Message ID 1505321438.2286.7.camel@cavium.com
State New
Headers show
Series
  • [aarch64] Fix target/pr77729 - missed optimization related to zero extension
Related show

Commit Message

Steve Ellcey Sept. 13, 2017, 4:50 p.m.
This is a patch for PR target/77729 on aarch64.  The code is doing an
unneeded zero extend ('uxtb' in the original report, 'and' in the ToT sources).

The patch looks a bit odd, it is a specialized define_insn for the combine
pass.  At some point in combine (I never did find out where), the zero_extend
is converted to an AND so my instruction looks for an OR of a constant
and an AND expression where one operand of the AND is a subreg and the other
is a constant.  If the two constants add up to 255 that means that the AND
is being used to mask out the upper bits of the register while not messing
up the constant we are using in the OR expression.

I also had to recognize this in the aarch64 cost function or combine would
not use the new expression even when it recognized it as it thought it cost
more than the original uncombined expressions.

Tested on aarch64 with a bootstrap and testsuite run that had no regressions.

OK to checkin?


2017-09-13  Steve Ellcey  <sellcey@cavium.com>

	PR target/77729
	* config/aarch64/aarch64.c (aarch64_rtx_costs):
	Handle cost of *iorqi3_uxtw instruction.
	* config/aarch64/aarch64.md (*iorqi3_uxtw): New
	instruction for combine phase.


2017-09-13  Steve Ellcey  <sellcey@cavium.com>

	* gcc.target/aarch64/pr77729.c: New test.

Comments

Kyrill Tkachov Sept. 13, 2017, 5:13 p.m. | #1
Hi Steve,

On 13/09/17 17:50, Steve Ellcey wrote:
> This is a patch for PR target/77729 on aarch64.  The code is doing an
> unneeded zero extend ('uxtb' in the original report, 'and' in the ToT 
> sources).
>
> The patch looks a bit odd, it is a specialized define_insn for the combine
> pass.  At some point in combine (I never did find out where), the 
> zero_extend
> is converted to an AND so my instruction looks for an OR of a constant
> and an AND expression where one operand of the AND is a subreg and the 
> other
> is a constant.  If the two constants add up to 255 that means that the AND
> is being used to mask out the upper bits of the register while not messing
> up the constant we are using in the OR expression.
>
> I also had to recognize this in the aarch64 cost function or combine would
> not use the new expression even when it recognized it as it thought it 
> cost
> more than the original uncombined expressions.
>
> Tested on aarch64 with a bootstrap and testsuite run that had no 
> regressions.
>
> OK to checkin?
>
>
> 2017-09-13  Steve Ellcey  <sellcey@cavium.com>
>
>         PR target/77729
>         * config/aarch64/aarch64.c (aarch64_rtx_costs):
>         Handle cost of *iorqi3_uxtw instruction.
>         * config/aarch64/aarch64.md (*iorqi3_uxtw): New
>         instruction for combine phase.
>
>
> 2017-09-13  Steve Ellcey  <sellcey@cavium.com>
>
>         * gcc.target/aarch64/pr77729.c: New test.

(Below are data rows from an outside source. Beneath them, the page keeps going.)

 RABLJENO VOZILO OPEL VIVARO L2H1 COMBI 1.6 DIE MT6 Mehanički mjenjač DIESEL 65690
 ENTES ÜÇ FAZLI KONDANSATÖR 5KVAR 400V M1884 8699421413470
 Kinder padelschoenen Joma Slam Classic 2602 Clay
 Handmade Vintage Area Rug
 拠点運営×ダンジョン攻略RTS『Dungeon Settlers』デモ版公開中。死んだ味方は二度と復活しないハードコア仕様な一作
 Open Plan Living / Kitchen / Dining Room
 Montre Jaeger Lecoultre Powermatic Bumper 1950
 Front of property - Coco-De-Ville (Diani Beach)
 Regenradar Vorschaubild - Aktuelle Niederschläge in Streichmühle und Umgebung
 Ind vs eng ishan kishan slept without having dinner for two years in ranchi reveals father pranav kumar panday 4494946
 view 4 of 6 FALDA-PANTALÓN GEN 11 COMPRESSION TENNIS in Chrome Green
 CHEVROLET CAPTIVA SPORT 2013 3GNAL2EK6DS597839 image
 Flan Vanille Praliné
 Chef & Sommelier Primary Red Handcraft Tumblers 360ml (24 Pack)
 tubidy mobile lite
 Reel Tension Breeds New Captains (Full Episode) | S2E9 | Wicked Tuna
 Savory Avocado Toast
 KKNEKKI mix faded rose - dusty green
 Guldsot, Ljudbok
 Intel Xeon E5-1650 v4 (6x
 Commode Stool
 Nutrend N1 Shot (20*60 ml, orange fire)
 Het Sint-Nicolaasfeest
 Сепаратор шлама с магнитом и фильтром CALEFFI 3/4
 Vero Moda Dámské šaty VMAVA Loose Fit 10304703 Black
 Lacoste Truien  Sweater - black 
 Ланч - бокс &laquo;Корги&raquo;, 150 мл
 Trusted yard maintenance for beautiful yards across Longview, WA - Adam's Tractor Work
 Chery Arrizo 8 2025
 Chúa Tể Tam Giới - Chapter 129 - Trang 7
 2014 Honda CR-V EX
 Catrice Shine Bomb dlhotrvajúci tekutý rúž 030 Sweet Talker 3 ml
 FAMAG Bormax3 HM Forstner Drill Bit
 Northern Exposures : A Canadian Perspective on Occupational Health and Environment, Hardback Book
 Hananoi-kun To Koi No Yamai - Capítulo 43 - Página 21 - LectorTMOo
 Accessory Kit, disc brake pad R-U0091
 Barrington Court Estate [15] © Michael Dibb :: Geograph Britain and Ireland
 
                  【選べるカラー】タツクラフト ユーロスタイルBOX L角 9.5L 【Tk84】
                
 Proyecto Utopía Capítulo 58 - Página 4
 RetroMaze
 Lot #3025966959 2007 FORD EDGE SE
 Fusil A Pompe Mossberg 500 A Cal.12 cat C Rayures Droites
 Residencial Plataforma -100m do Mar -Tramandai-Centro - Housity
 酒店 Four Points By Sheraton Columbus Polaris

+;; Specialized OR instruction for combiner.  The AND is masking out bits
+;; not needed in the OR (doing a zero_extend).  The zero_extend is not
+;; needed because we know from the subreg that the upper part of the reg
+;; is zero.
+(define_insn "*iorqi3_uxtw"
+  [(set (match_operand:SI 0 "register_operand" "=r")
+        (ior:SI (and:SI
+		  (subreg:SI (match_operand:QI 1 "register_operand" "r") 0)
+		  (match_operand:SI 2 "const_int_operand" "n"))
+		(match_operand:SI 3 "aarch64_logical_operand" "K")))]
+  "INTVAL (operands[2]) + INTVAL (operands[3]) == 255"
+  "orr\\t%w0, %w1, %3"
+  [(set_attr "type" "logic_imm")]
+)

We are usually hesitant to add explicit subreg matching in the MD pattern
(though I don't remember if there's a hard rule against it).
In this case this looks like a missing simplification from combine (simplify-rtx) so
I think adding it there would be better.

Also, in this pattern operands[3] has the aarch64_logical_operand predicate which allows registers
but in the final instruction check below you unconditionally take its INTVAL which will throw an error
if the compiler is configured with RTL checking enabled.

Thanks,
Kyrill
Segher Boessenkool Sept. 13, 2017, 7:46 p.m. | #2
Hi!

On Wed, Sep 13, 2017 at 06:13:50PM +0100, Kyrill Tkachov wrote:
> +;; Specialized OR instruction for combiner.  The AND is masking out bits
> +;; not needed in the OR (doing a zero_extend).  The zero_extend is not
> +;; needed because we know from the subreg that the upper part of the reg
> +;; is zero.
> +(define_insn "*iorqi3_uxtw"
> +  [(set (match_operand:SI 0 "register_operand" "=r")
> +        (ior:SI (and:SI
> +		  (subreg:SI (match_operand:QI 1 "register_operand" "r") 0)
> +		  (match_operand:SI 2 "const_int_operand" "n"))
> +		(match_operand:SI 3 "aarch64_logical_operand" "K")))]
> +  "INTVAL (operands[2]) + INTVAL (operands[3]) == 255"
> +  "orr\\t%w0, %w1, %3"
> +  [(set_attr "type" "logic_imm")]
> +)
> 
> We are usually hesitant to add explicit subreg matching in the MD pattern
> (though I don't remember if there's a hard rule against it).
> In this case this looks like a missing simplification from combine 
> (simplify-rtx) so
> I think adding it there would be better.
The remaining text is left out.